While I’m rattling off good lines, here’s another one. It sounds like a quasi-faux-goopy-so-inspirational-I’d rather watch Dr. Swill-kind of line, but I like it, and somehow, even my mind, as polluted with cynicism (or as Woody Allen more properly calls it, “perception” – I hate describing myself with a word others use to describe themselves so as to make themselves look “cool” – “cynical” is a “cool” word, but “perceptive” is – well, according to people my age, gay), as it is, cannot penetrate it:
“It is better to light a single candle than to curse the darkness.”
It’s been ten years. Since what? Well, since my life changed forever. Thank god that I’m not trying to write a book with those three ululations as the opening lines. But seriously…. about ten years and a week ago, I graduated from high school, and was at about that time dropped on to a baggage carousel that I can only hope someone has momentarily (yes, ten years is hardly momentarily in the span of a human life, but the word sounds more optimistic than “temporarily”) forgotten to shut off.
Somehow, I knew that summer was not going well even as I was entering its early phase. I thought that it would be in my best interest to take the summer off (i.e. not have a summer job) before going to college. What a dumb idea – and not just in hindsight. The paltry sum I could have earned would have allowed me to work that many less hours of work-study freshman year (well, the first half of it; I hated that work so much that I didn’t do it the second half, and the second half, naturally, was the first time in my life when I began to experience a depression so acute that the depression disrupted and overwhelmed every aspect of my daily routine – sleeping, grooming, ability to think, cleaning, eating, and so on).
I remember at one point trying to remedy the mistake – by going to an interview with a temp agency a few weeks into the summer. My father, as I recall, had contacted this agency, and had told me (he never tells, even when he tells, he screams; “Tomorrow, you’re going to a temp agency for an interview. Bring your resuME and some references.” I said, “OK. Thanks for doing this. I merely said it would be nice if I had a job, and I really have no idea what a temp agency does or how it can or would help me, and I’ve never even had a real interview before, so this will be a complete waste of time for reasons that I probably won’t figure out until well beyond I’m dead – well, at least that gives me an incentive to die – but thanks anyway.”

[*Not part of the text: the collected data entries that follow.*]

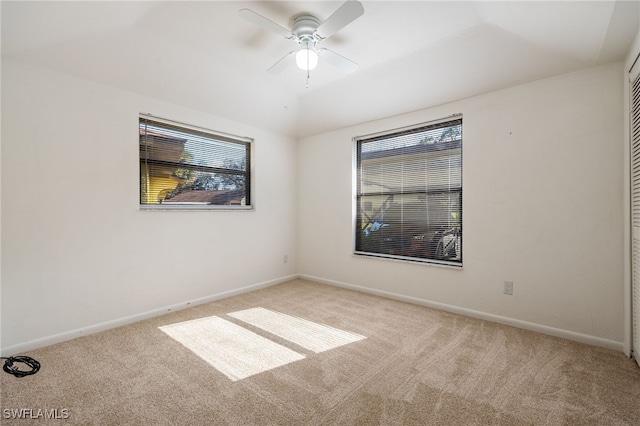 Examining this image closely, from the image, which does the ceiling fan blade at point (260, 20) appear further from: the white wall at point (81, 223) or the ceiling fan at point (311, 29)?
the white wall at point (81, 223)

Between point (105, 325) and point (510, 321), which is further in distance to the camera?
point (510, 321)

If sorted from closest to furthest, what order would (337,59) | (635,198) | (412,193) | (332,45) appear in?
1. (635,198)
2. (337,59)
3. (332,45)
4. (412,193)

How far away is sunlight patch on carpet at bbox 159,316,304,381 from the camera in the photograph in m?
2.12

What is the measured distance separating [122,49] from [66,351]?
2.56 meters

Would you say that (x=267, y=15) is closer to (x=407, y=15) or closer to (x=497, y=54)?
(x=407, y=15)

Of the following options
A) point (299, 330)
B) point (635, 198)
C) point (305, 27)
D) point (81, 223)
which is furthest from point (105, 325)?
point (635, 198)

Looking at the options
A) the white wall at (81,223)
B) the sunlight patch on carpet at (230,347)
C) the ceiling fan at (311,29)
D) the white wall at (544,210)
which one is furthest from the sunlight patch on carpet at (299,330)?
the ceiling fan at (311,29)

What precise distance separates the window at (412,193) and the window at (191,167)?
1.68m

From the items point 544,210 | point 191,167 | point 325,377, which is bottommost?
point 325,377

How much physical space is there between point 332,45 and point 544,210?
2490mm

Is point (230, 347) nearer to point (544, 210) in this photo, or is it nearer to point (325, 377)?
point (325, 377)

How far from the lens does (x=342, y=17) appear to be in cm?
197

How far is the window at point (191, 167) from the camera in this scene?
3.15m

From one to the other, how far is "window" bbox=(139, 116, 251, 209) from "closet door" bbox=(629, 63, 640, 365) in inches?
152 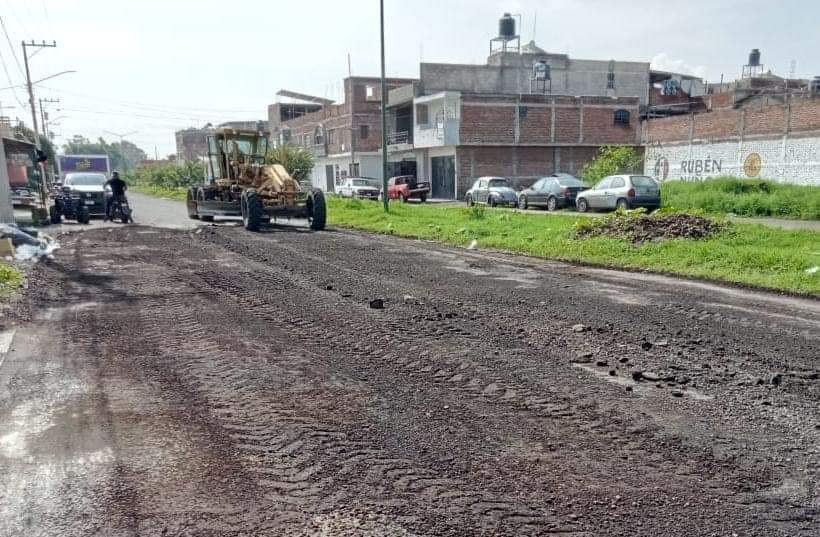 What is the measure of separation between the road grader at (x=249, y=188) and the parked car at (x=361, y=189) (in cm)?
1844

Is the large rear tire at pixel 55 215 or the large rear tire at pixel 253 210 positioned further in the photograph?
the large rear tire at pixel 55 215

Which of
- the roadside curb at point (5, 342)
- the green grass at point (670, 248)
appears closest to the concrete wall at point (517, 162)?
the green grass at point (670, 248)

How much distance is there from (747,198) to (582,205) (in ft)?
19.1

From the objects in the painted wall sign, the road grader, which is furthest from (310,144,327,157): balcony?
the painted wall sign

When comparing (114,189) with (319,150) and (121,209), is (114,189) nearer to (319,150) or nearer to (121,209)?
(121,209)

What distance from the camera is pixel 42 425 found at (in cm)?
462

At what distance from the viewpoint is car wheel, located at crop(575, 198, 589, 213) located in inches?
969

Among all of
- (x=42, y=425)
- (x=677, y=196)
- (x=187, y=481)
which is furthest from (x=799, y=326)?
(x=677, y=196)

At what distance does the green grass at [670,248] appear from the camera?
1036 centimetres

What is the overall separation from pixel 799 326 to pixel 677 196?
64.1ft

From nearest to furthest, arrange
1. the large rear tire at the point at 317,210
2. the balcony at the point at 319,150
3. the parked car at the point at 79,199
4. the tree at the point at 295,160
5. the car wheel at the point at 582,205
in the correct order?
the large rear tire at the point at 317,210, the parked car at the point at 79,199, the car wheel at the point at 582,205, the tree at the point at 295,160, the balcony at the point at 319,150

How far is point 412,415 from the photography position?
4.65 meters

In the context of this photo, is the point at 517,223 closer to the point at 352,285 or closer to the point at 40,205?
the point at 352,285

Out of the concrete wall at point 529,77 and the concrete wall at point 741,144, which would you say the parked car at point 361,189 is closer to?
the concrete wall at point 529,77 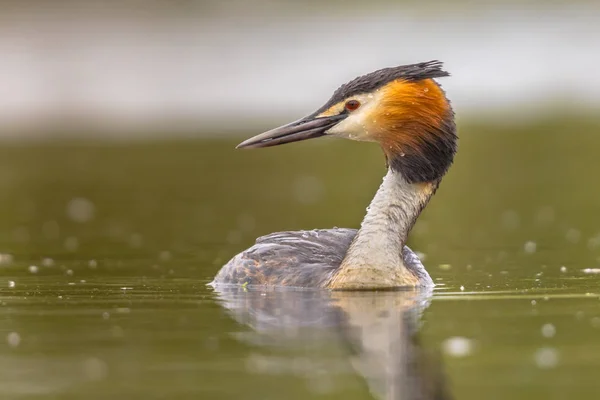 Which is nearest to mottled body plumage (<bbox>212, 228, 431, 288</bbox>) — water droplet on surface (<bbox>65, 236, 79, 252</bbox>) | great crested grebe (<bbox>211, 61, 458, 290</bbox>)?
great crested grebe (<bbox>211, 61, 458, 290</bbox>)

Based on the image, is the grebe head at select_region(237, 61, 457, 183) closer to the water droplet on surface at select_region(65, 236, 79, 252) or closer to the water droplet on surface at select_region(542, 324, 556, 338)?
the water droplet on surface at select_region(542, 324, 556, 338)

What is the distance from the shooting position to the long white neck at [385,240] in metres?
13.2

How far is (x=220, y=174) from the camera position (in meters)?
27.4

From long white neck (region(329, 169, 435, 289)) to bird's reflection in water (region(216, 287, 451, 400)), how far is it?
0.72ft

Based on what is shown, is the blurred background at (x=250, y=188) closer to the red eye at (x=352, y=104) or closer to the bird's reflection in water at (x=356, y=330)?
the bird's reflection in water at (x=356, y=330)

So, I went. I had no idea how to dress for the interview, which my father said was informal. Not all temp agencies are created alike. All I had at the time were cheap suits that did not fit. I put on a pair of navy pants and a black T-shirt, not knowing any better. The amount of common sense I have now has increased measurably; it is almost at the point of being a whole number. So, when I was interviewed, I was asked what kind of position I was interested in. I don’t remember what I said. I just remember feeling really overheated and embarrassed.

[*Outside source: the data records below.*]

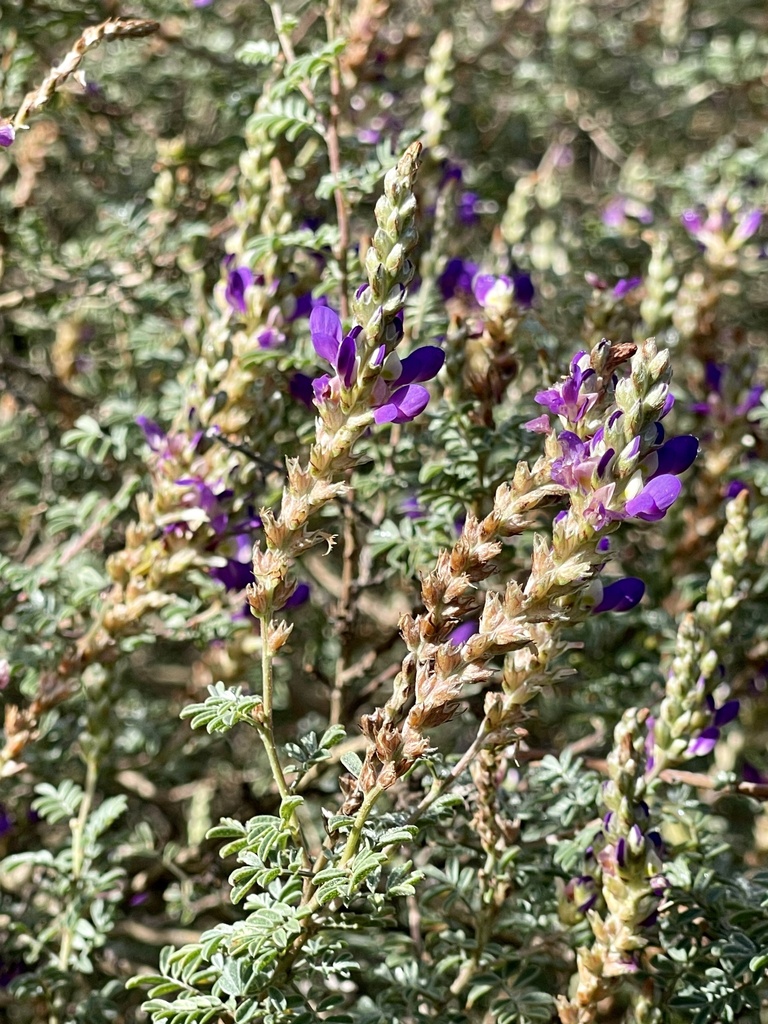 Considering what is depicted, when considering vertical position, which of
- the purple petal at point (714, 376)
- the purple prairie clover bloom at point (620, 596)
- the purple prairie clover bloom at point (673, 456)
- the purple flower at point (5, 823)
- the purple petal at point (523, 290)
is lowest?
the purple flower at point (5, 823)

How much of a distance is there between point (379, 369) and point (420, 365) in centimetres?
10

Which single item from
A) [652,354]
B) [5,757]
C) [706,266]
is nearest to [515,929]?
[5,757]

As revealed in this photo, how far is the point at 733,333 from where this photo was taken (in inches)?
96.7

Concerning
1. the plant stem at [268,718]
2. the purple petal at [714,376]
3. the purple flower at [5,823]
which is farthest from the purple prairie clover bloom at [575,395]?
the purple flower at [5,823]

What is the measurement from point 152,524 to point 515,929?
2.94 ft

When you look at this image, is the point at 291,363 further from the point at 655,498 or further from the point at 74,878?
the point at 74,878

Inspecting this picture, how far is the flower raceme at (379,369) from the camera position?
1.19 m

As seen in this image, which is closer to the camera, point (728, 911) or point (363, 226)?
point (728, 911)

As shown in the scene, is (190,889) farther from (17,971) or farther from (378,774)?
(378,774)

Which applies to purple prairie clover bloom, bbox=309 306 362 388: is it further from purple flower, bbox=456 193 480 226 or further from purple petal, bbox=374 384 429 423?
purple flower, bbox=456 193 480 226

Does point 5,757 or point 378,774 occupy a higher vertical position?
point 378,774

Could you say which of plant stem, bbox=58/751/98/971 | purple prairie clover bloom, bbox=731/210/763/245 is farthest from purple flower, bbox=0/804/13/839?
purple prairie clover bloom, bbox=731/210/763/245

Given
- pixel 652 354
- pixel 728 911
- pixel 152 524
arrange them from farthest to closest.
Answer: pixel 152 524
pixel 728 911
pixel 652 354

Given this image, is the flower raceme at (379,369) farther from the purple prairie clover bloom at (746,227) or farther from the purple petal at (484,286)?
the purple prairie clover bloom at (746,227) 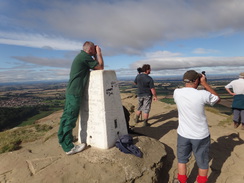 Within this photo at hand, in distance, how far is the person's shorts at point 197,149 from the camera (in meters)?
3.08

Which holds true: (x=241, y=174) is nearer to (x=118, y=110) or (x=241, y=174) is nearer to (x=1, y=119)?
(x=118, y=110)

And then I remember my father, who visually inspected me (to make sure I combed my hair and so on; this is a man who bathes once a week) before we left the house, INTENTIONALLY screaming at me for not having worn a suit to the interview. That made me feel special.

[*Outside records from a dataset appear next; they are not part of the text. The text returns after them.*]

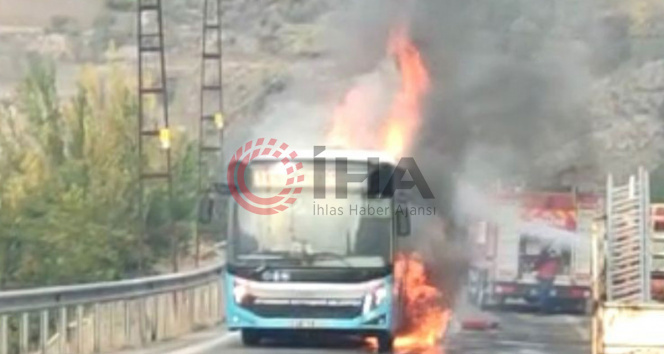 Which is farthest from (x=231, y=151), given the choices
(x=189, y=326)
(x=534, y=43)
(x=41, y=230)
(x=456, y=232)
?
(x=189, y=326)

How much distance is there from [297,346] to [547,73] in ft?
68.6

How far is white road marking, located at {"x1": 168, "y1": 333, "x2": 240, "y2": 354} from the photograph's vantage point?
A: 1612cm

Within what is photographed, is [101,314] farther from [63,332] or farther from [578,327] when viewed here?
[578,327]

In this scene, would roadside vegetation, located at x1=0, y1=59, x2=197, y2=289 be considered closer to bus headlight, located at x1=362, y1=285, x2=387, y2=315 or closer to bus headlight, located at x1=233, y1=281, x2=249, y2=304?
bus headlight, located at x1=233, y1=281, x2=249, y2=304

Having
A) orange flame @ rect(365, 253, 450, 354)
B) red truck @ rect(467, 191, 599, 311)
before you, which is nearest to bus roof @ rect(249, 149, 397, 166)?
orange flame @ rect(365, 253, 450, 354)

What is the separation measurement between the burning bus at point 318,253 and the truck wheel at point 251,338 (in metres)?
0.92

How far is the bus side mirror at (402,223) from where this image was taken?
1673 centimetres

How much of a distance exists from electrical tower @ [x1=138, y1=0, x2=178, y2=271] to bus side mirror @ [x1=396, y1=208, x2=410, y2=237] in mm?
21439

The rest of the summer was a haze. I had no car. My mother, in those days, still had her outside job, and my father had only half-raped his body to death.
So, near the end of August, it came time to leave the comfort of my home (and I should note that despite everything I’ve said in this message, my parents are the greatest people in the world, and when they are gone, I can but pray that mentally, I will not be gone with them) for college. The last image I have of leaving home is of the movie “Sense and Sensibility” playing in the den. A few characters were entering a house. I then had to shut the remote off as my parents and I left the house, locked the door, and drove to Ithaca, NY to deposit me to my temporary (note the deliberate use of that word) 4-year home. By the way, that movie was a great movie, but I cannot bring myself to watch it any more. The song “As I Lay Me Down To Sleep” is a great song, but I cannot listen to it, because it was on the radio circa 1994 in the car my brother and I shared. This song happened to be on the day we drove to high school on a Saturday morning to take some kind of test. I cannot remember, after that date – after that song – when the next time we talked – just as people – since he gruntingly initiated a conversation with me six years later. Ever see the TV show “Cold Cases?” It’s about a pair of detectives in Philadelphia who crack cases that have been unsolved for many years – some for generations. This show, “The Sopranos” notwithstanding, uses music more effectively than any show on TV. The opening scene of July 2nd’s show (a rerun) had this song playing while an alcoholic mother (whose murder was finally solved at the end of the show) lost it in public, taking it out on her two children, circa 1994. The show makes me cry a lot. This scene was… I actually felt happy to have cried that much. It reminded me that I was alive.
So, off to Ithaca I was. Flash forward ten years later. I have such a foggy memory of what life was like when living at home every day was routinized and accepted. The fogginess is explained in part by the passage of a decade’s worth of time. But more accounts for it. And what frustrates me so much is that I do not know what that more is. Sometimes, it’s easy – painful but easy – to identify a loss in life. You lose a friend – the friend dies or stops talking to you, you know what you’ve lost. But over the course of ten years, I think it’s fair to say that I’ve lost things I didn’t even know I had. Perhaps the fact I can identify these now is merely a function of the maturity process – perhaps it’s merely a reflection of the fact that for me, that process has been so unnatural and stunted. I don’t know. But it is – for me, anyway – an odd phenomenon to want something – a restoration to the past – so badly – when I cannot even remember what I would be restoring myself to.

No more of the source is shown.